L’affrontement est inévitable. Une véritable guerre de tranchées, sans pitié, une insurrection où le quartier Hochelaga devient une forteresse dans la ville. On sait qui va l’emporter, mais j’ai aimé croire que tout pouvait être autrement. Des péripéties, des hommes et des femmes qui se révèlent, des preuves d’amitié qui donnent des frissons. Il est si rare qu’un écrivain confronte ces sujets, décrive une expérience de vie différente et mette en scène nos tares et nos claudications. Les auteurs ont plutôt tendance à s’enfermer dans l’individuel et se contentent de suivre un gars ou une fille en abordant la dimension politique et sociale par ricochet.

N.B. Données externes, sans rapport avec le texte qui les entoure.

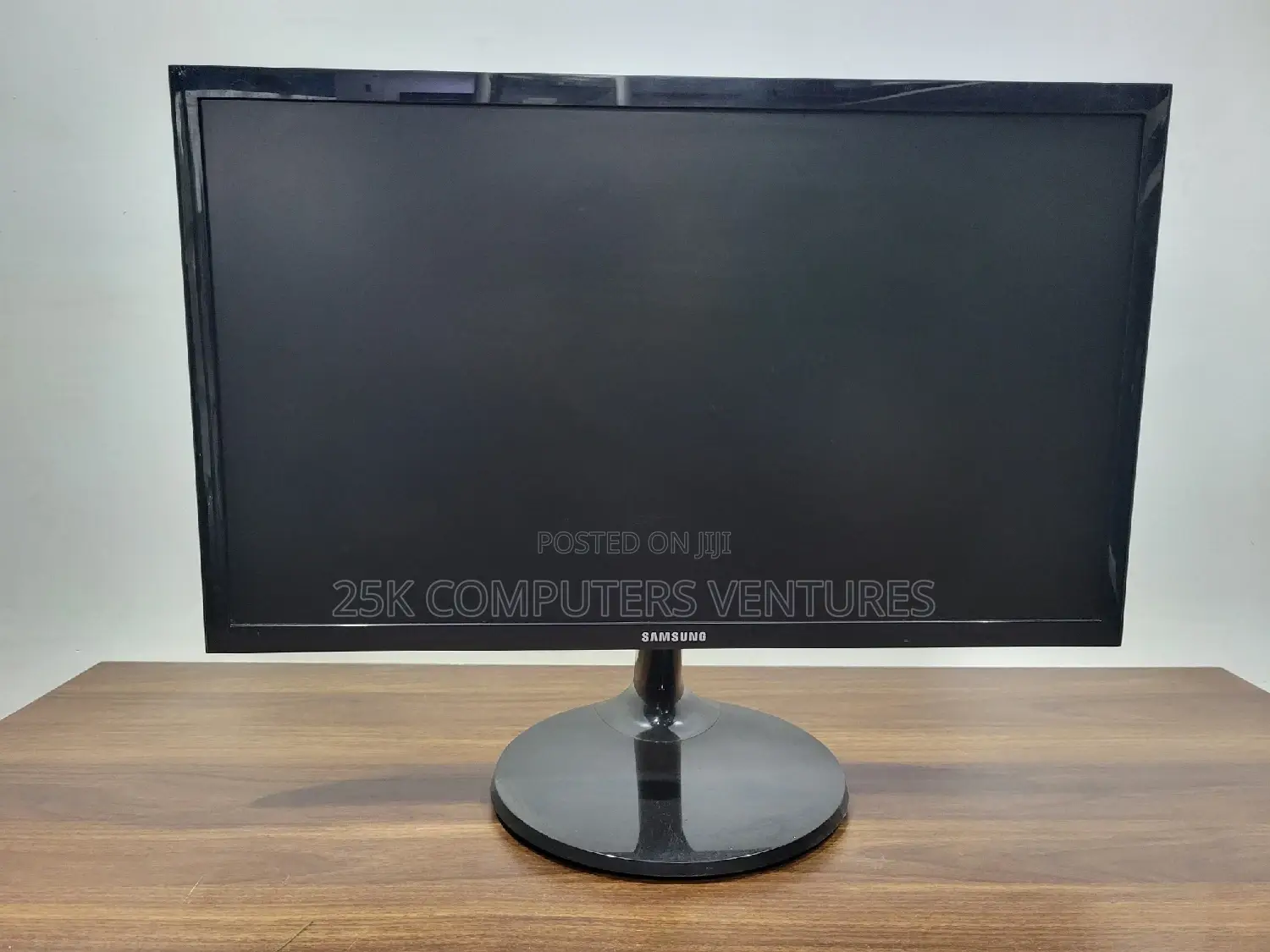 Samsung S22f350fhu 22′′ Full Hd Led Monitor 1920×1080 5 Ms Hdmi Vga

Simon Leduc présente des personnages attachants, joue de tous les accords de la langue pour nous entraîner dans un milieu qui ne fait que des victimes. L’écrivain plonge dans des fresques, des mouvements de foule et arrive fort habilement à nous emporter. Une épopée qui vous sort de votre confort et qui m’a rappelé ma volonté de changer le monde par l’écriture, il y a si longtemps. C’est ce qui m’avait poussé à m’installer dans une grande maison de ferme à La Doré, mon village d’origine, au bout d’un rang quasi abandonné après mes études universitaires. Nous étions quelques-uns à secouer les obligations quotidiennes et à transformer nos jours en fête continue. Certains se prenaient pour des missionnaires et d’autres, comme moi, voulaient juste la paix, la nature tout autour, digérer cette enfance que j’avais perdu en m’exilant en ville pour l’amour des livres. Le petit groupe s’est vite disloqué, parce que nous étions tous contaminés par la société. C’est ce qui arrive dans la fresque de Leduc.

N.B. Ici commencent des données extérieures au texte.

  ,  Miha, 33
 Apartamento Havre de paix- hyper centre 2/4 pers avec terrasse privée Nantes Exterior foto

Un vrai bonheur que cette histoire qui repose sur une tornade langagière et idéologique. Parce qu’on le sait, la langue est un outil formidable de domination et d’exploitation. Chacun doit s’installer dans son propre vocabulaire pour survivre. 

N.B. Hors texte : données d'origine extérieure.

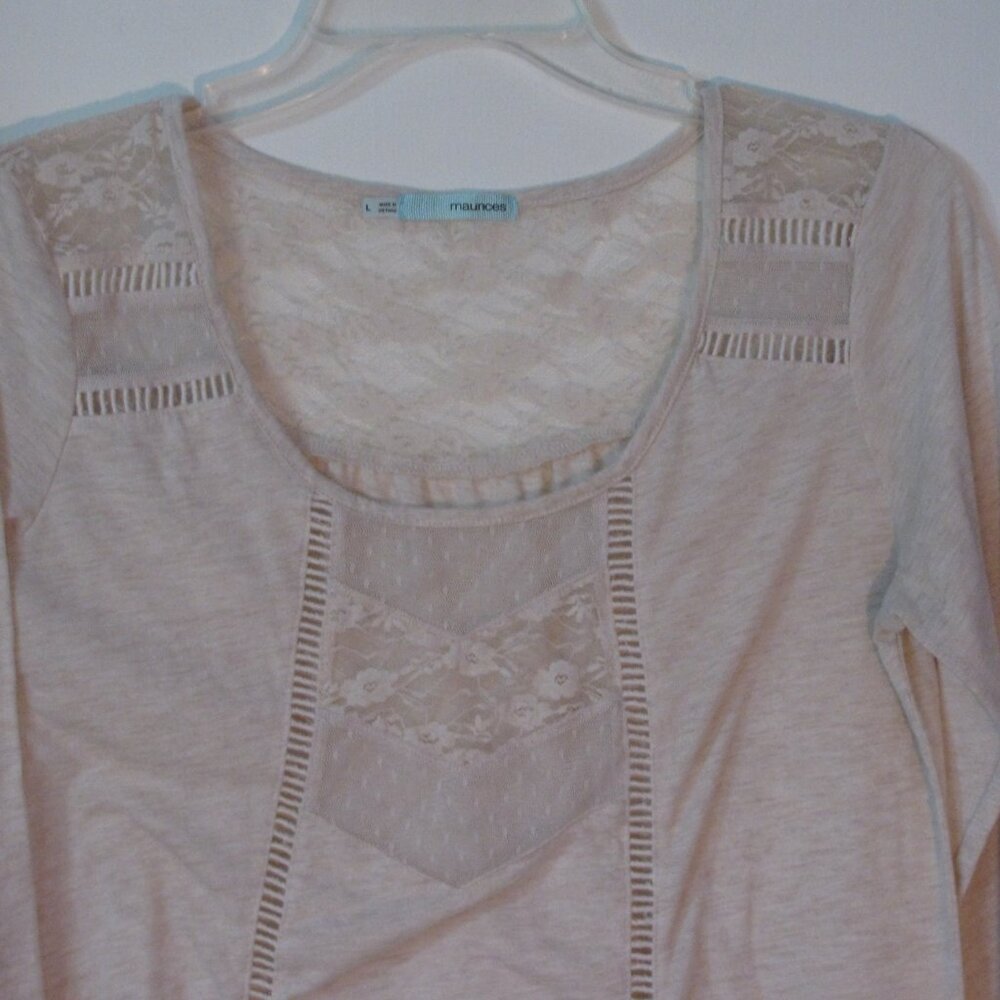 * Maurices Beige Oatmeal Top Large Lace Half Sleeve Open Trim Very Good - Picture 2 of 5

Simon Leduc m’a fait connaître des moments magiques et surtout m’a rappelé que l’utopie, malgré tous les échecs, reste bien vivante. Il faut y croire et la littérature est là pour nous l’illustrer. L’impossible est toujours possible. Un roman à lire, une aventure qui ne nous laisse pas indemne. Un souffle inquiétant et fascinant.


L’ÉVASION D’ARTHUR OU LA COMMUNE D’HOCHELAGA de SIMON LEDUC vient de paraître aux ÉDITIONS LE QUARTANIER, 2019, 342 pages, 26,95 $.